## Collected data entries
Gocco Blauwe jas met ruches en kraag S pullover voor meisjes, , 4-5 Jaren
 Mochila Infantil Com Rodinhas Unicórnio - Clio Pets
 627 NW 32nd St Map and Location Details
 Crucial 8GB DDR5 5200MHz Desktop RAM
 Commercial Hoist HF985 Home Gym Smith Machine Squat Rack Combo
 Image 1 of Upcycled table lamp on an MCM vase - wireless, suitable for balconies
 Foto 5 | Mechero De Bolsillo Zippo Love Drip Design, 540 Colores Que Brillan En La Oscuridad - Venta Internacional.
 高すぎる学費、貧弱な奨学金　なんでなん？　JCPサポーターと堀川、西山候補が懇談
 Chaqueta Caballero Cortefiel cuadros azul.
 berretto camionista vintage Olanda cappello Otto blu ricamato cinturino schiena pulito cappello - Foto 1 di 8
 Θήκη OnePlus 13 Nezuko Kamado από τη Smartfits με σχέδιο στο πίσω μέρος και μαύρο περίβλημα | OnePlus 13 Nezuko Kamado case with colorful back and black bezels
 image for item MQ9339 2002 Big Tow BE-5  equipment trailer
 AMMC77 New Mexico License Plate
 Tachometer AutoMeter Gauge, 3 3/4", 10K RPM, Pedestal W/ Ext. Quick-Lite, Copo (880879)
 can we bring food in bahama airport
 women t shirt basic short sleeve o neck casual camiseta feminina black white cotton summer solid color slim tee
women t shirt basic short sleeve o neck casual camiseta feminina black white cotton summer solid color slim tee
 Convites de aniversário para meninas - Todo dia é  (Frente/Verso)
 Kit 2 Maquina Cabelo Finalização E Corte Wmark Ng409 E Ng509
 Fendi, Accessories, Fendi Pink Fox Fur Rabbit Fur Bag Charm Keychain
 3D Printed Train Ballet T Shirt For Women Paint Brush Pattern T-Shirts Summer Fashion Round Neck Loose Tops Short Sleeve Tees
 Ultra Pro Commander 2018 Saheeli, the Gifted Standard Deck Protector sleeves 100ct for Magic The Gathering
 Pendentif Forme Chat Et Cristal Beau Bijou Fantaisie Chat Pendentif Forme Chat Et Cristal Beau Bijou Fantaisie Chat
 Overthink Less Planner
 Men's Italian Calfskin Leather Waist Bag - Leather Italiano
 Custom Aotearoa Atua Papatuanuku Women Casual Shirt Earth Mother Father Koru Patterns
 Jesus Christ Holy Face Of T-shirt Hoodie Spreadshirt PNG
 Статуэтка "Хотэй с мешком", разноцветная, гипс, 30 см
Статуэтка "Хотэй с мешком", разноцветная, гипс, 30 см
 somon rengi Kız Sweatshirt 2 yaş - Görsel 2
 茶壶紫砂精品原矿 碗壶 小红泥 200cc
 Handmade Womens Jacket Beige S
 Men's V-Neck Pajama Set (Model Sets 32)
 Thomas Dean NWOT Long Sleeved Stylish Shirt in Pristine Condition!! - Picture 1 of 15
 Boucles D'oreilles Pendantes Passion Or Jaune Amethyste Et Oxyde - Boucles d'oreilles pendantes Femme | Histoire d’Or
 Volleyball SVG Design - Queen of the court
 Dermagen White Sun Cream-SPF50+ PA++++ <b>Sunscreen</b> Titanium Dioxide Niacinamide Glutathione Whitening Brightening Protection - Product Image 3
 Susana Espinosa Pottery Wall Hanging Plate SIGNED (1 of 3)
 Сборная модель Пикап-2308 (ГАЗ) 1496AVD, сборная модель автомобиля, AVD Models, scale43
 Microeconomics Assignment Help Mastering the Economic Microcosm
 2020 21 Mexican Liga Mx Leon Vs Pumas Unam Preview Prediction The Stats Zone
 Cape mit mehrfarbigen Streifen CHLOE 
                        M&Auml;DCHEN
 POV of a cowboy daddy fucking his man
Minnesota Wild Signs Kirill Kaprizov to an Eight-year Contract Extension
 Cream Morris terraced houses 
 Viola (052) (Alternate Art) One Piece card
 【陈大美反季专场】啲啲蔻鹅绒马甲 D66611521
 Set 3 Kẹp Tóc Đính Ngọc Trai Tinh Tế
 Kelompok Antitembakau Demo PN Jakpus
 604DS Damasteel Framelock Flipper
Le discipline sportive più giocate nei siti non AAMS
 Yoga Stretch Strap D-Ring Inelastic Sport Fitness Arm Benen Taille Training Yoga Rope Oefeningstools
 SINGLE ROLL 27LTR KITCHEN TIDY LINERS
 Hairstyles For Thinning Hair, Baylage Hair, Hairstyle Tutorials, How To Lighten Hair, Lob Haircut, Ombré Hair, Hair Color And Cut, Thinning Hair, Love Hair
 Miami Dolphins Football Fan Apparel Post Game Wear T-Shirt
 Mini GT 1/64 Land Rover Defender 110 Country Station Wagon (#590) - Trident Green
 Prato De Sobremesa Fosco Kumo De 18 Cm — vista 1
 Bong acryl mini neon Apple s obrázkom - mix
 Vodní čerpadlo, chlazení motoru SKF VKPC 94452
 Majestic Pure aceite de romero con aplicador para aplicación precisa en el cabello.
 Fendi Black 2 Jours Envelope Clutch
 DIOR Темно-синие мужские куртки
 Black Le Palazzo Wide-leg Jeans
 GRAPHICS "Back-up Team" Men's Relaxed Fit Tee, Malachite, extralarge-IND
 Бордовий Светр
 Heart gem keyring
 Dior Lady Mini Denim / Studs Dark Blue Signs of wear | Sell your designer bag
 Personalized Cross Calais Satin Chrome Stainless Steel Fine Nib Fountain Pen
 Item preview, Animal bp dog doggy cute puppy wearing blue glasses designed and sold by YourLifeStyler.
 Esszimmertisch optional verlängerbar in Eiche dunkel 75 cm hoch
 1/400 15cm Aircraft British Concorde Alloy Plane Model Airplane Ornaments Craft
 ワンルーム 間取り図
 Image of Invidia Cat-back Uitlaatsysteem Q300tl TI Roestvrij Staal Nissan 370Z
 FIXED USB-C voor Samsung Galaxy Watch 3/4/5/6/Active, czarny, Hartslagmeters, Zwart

## Exercise goal
The lines sought are those in the data above that include the string "Fendi"; copy each one.

## Solution for this exercise
 Fendi, Accessories, Fendi Pink Fox Fur Rabbit Fur Bag Charm Keychain
 Fendi Black 2 Jours Envelope Clutch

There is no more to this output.